Felix Medland Arscott (12 November 1922 – 5 July 1996) was a British mathematician who was a member of the Society for Industrial and Applied Mathematics from 1976. He was described by colleagues as a good friend and excellent teacher. Dr. Arscott was the founding head of the Applied Mathematics department at University of Manitoba from 1974 through 1986 and was named Professor Emeritus in 1995. Professor Arscott was described as an expert in the "higher special functions".

Felix Arscott was born in 1922 in Greenwich to Leonard Charles Arscott and Gladys Arscott (née Williams), with one sister Faith Muriel (1915–1987). He served in the Royal Air Force during the Second World War, becoming a commissioned officer. He obtained an honours degree in mathematics from the University of London by private study. After obtaining his M.Sc. in 1951, he left the UK to teach mathematics at Makerere University in Uganda. Arscott obtained his Ph.D. at the University of London in 1956 with the dissertation titled Ellipsoidal Harmonics and Ellipsoidal Wave Functions. He held positions at Aberdeen, Battersea College of Technology (later the University of Surrey), and the University of Reading. By 1972, he had supervised six Ph.D. theses, and published 22 papers. He was a founding Fellow of the Institute of Mathematics and its Applications.

==Selected publications==
- Table of Lamé polynomials, Pergamon Press, 1962 (with I. M. Khabaza)

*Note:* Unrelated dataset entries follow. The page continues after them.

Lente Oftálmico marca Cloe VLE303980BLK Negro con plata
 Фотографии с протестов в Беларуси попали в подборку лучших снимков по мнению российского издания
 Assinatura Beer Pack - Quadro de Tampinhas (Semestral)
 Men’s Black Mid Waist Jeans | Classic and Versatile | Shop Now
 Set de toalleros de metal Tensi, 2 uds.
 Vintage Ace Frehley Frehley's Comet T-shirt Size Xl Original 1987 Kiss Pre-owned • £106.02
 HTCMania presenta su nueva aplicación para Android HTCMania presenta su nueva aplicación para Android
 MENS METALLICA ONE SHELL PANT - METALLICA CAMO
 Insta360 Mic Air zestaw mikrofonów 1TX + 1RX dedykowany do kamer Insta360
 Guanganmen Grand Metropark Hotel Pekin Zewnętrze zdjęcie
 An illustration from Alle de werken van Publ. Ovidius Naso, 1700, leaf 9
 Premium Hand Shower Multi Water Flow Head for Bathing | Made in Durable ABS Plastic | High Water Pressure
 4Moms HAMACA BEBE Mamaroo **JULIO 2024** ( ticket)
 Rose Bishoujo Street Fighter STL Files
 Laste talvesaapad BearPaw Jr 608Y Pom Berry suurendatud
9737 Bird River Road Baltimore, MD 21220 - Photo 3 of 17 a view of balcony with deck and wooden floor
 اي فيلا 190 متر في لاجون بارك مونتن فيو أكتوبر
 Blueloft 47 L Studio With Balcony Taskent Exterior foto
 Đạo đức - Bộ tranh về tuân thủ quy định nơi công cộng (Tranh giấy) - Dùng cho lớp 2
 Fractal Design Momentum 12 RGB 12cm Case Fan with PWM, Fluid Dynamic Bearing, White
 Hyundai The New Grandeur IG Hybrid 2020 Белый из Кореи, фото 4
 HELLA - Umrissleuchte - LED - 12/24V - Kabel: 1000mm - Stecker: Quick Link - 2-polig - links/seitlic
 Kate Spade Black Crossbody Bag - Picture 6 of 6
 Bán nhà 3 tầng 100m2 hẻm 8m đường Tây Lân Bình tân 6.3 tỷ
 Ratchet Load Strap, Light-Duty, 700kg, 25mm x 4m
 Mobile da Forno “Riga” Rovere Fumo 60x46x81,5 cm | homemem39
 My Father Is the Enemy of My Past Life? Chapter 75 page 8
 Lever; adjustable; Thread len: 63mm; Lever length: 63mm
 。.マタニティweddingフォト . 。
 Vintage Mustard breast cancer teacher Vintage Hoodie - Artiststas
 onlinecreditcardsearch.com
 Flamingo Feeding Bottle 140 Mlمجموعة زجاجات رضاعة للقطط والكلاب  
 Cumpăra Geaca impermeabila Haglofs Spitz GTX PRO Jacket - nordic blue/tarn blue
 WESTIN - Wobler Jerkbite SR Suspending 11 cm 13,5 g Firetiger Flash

- TWO-PARAMETER EIGENVALUE PROBLEMS IN DIFFERENTIAL EQUATIONS Mathematics Research Center, US Army, Technical Summary Report #350, December 1962
- "Periodic Differential Equations: An Introduction to Mathieu, Lamé, and Allied Functions, Pergamon (1964)
- FLOQUET THEORY FOR DOUBLY-PERIODIC DIFFERENTIAL EQUATIONS, F. M. Arscott and G. P. Wright, April 24, 1969
- translated O. Boruvka's Linear differential transformations of the second order, English Universities Press (1971)
- Introduction to applied mathematics (with Thomas G. Berry)
- Remedial mathematics for science and engineering,1983, (with Thomas G. Berry)
- Some Analytical Techniques for the Computation of Recessive Solutions on Linear Differential Equations 1987, University of Dundee Numerical Analysis Reports
- Heun's Differential Equations, Oxford University Press, 1995. (contributor)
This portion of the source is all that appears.